● WHAT IS REQUIRED: Give the data below again exactly as written, without its pictures.

● EXERCISE DATA:

------------------------

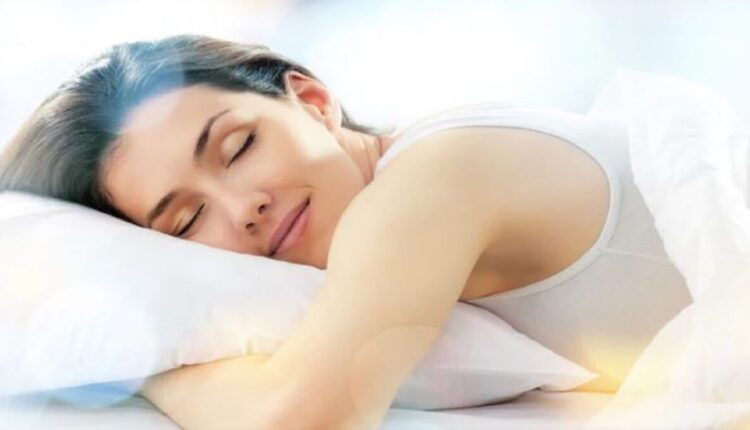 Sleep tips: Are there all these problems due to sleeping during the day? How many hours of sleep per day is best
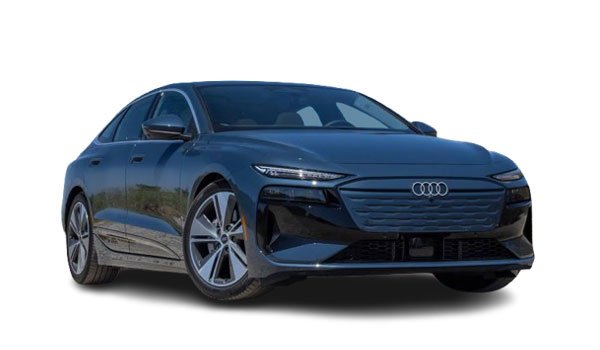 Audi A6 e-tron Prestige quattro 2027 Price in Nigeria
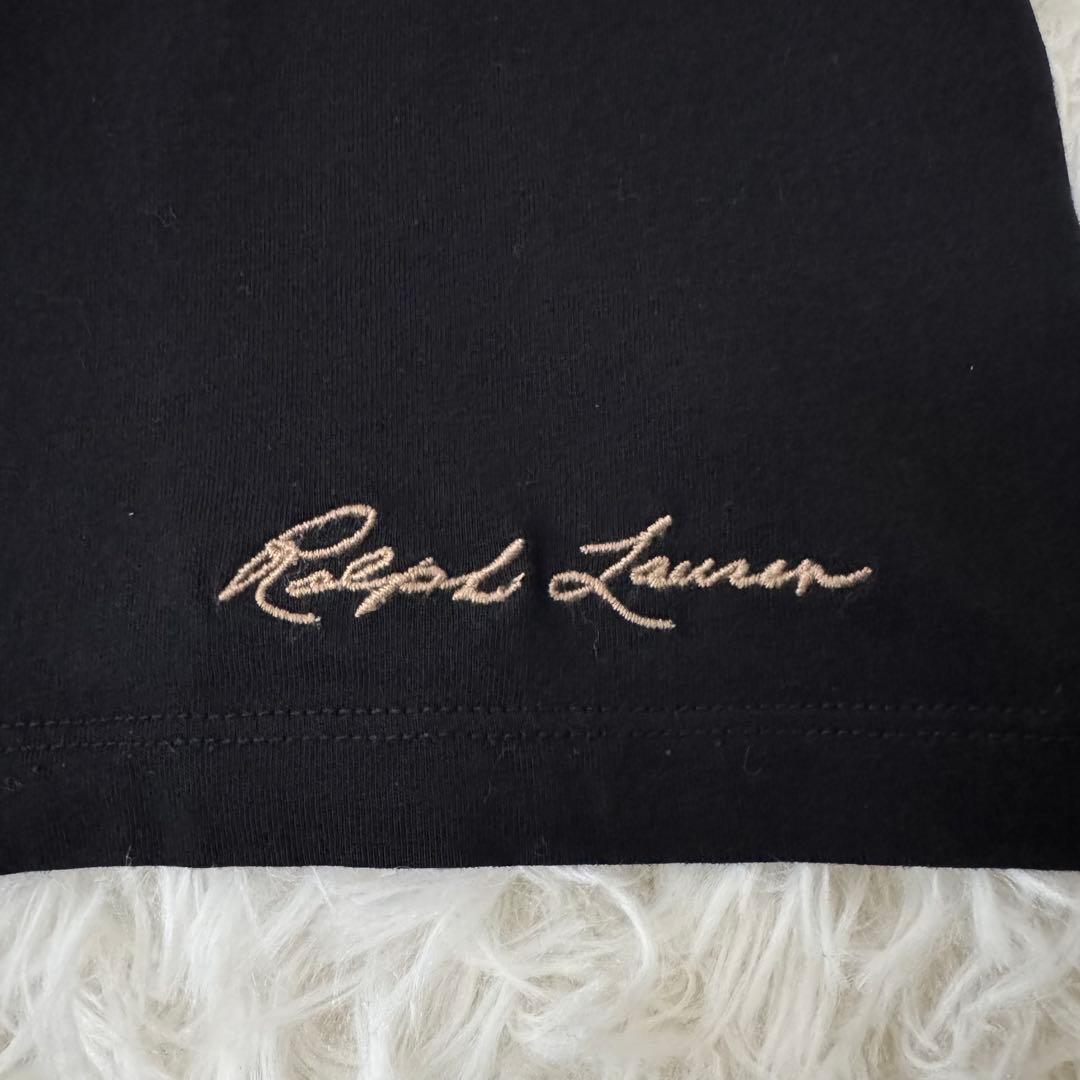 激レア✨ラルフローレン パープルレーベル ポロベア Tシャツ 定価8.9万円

------------------------

● SOLUTION FOR THIS PROBLEM:
 Sleep tips: Are there all these problems due to sleeping during the day? How many hours of sleep per day is best
 Audi A6 e-tron Prestige quattro 2027 Price in Nigeria
 激レア✨ラルフローレン パープルレーベル ポロベア Tシャツ 定価8.9万円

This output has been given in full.